Un muchacho con una remera deportiva verde llega corriendo en sentido contrario, logra cruzar la calle que ya se ha convertido en un pequeño río y se queda al otro lado de la vereda, protegiéndose debajo de un balcón. No sé porqué se queda, porque del otro lado la cosa parecería estar mejor, porque todos habían escapado en dirección a la avenida Santa Fe. Pero el no lo hace, se queda, quizás pienso yo, porque le da pena que una chica sola, se quede en la otra vereda cuando el agua ya le ha alcanzado los tobillos, a pesar de que se ha subido al punto más elevado de la vía.

La tormenta entonces sobreviene con todas sus fuerzas, se agitan los árboles que en vano alargan sus ramas oponiendo resistencia. Cabrera se ha convertido en un enorme río urbano arrastra bolsas y botellas de plástico, pañales, envases descartables y miles de porquerías más. ¡Cómo no va a estar el cielo enojado!

No hay un solo colectivo, ni un taxi, nada. Sólo autos particulares que transitan con las luces encendidas, haciendo extrañas maniobras a riesgo de estar inundados. La visibilidad es tenue, estamos sólo yo y cruzando la calle el muchacho de la remera verde, que tampoco se mueve. El agua me llega ahora hasta las rodillas, todo el vestido se me ha empapado, sostengo apenas pasando de mano en mano mi maletín que recién me doy cuenta lo mucho que pesa.

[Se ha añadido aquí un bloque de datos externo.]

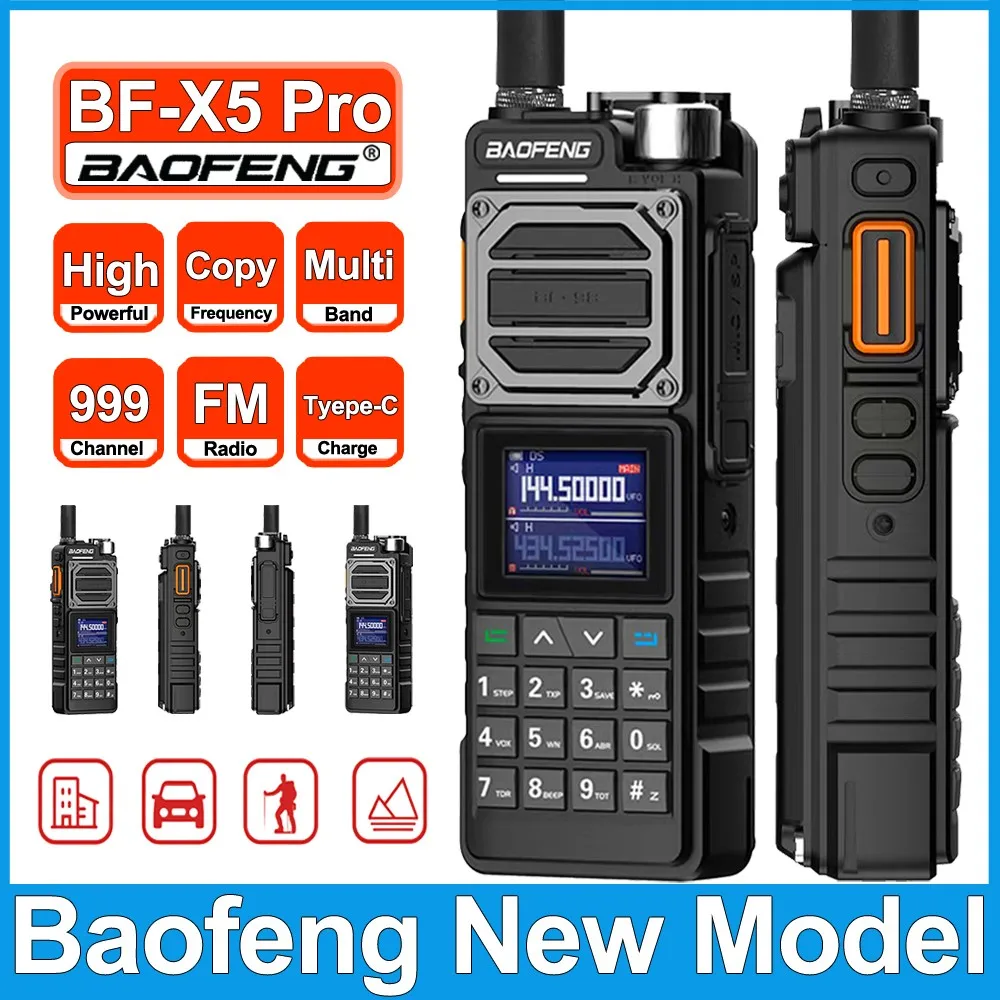 

Рация Baofeng BF-X5 Pro, многодиапазонная, с беспроводным копированием частоты, поддержкой NOAA, зарядкой Type-C, большой дальностью действия, UHF/VHF, 999 каналов, для любительской радиосвязи (2-сторонняя связь)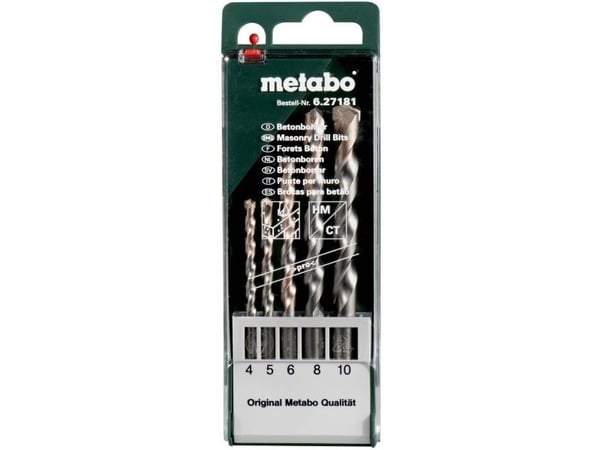 Metabo 627181000, Drill, For murverk, Høyrehåndsrotasjon, Hård Betong, Naturstein, 130°, Sylindrisk Skaft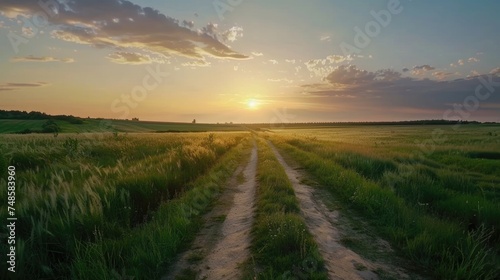 A serene sunset over a dirt road in a rural field. Suitable for nature and landscape themes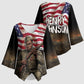 Henry Johnson Black History Month Kimono Sleeve Blouse Distressed US Flag American Hero Portrait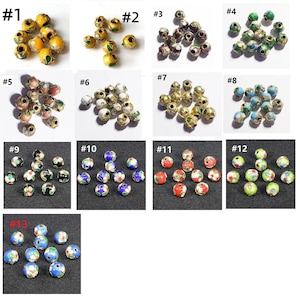 12pc 5.5-6mm round Cloisonne beads-pls pick a color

No hay mal que dure cien años, me digo. La tormenta debe parar, pero no para, el agua desborda a mares. Yo miro a mi derecha y observo un edificio en construcción y pido porque no quede un cable suelto.

No sólo la lluvia no para, sino que empeora, es ahora o nunca me digo, debo cruzar al lado norte de Cabrera, pero cómo hacerlo, el agua ha crecido muchísimo, veo que ahora arrastra cosas más grandes: sillas, sombrillas, cartones. Cómo no aprendí a nadar, me arrepiento. Ahora es muy tarde, seguro me llevaría a mí también. El río salvaje me llega hasta el pecho y me empuja con todas sus fuerzas, quiere que me suelte del solitario poste al que me he arrimado.

El muchacho que hasta entonces se había mantenido calmo, comienza a gritarme algo mientras agita los brazos y me hace señas desesperadamente, pero yo nada puedo escuchar. Casi no consigo sujetarme, mi maletín pesa demasiado, así que decido soltarlo de una vez, y allá va, triste lo veo alejarse como veo alejarse con el mis años pasados.

Cierro los ojos, mientras me abrazo al poste con los dos brazos, ha llegado mi hora. He sido muy feliz me digo y comienzo a tararear gotas de lluvia veo caer, pero la voz no me sale…

Diez, quince, veinte, dos minutos, no sé el tiempo que pasé aferrada al poste salvador, de a poco siento que el agua fluye pero no empuja y va descendiendo despacito, ya puedo ver mis pequeños pies sin zapatos. Miro al frente y el muchacho de remera verde también deja su esquina y se despide mientras me agita la mano.

Yo pienso, uyyyy que tarde se ha hecho, y la fiebre del Sr. Herrmann todavía sin tratamiento.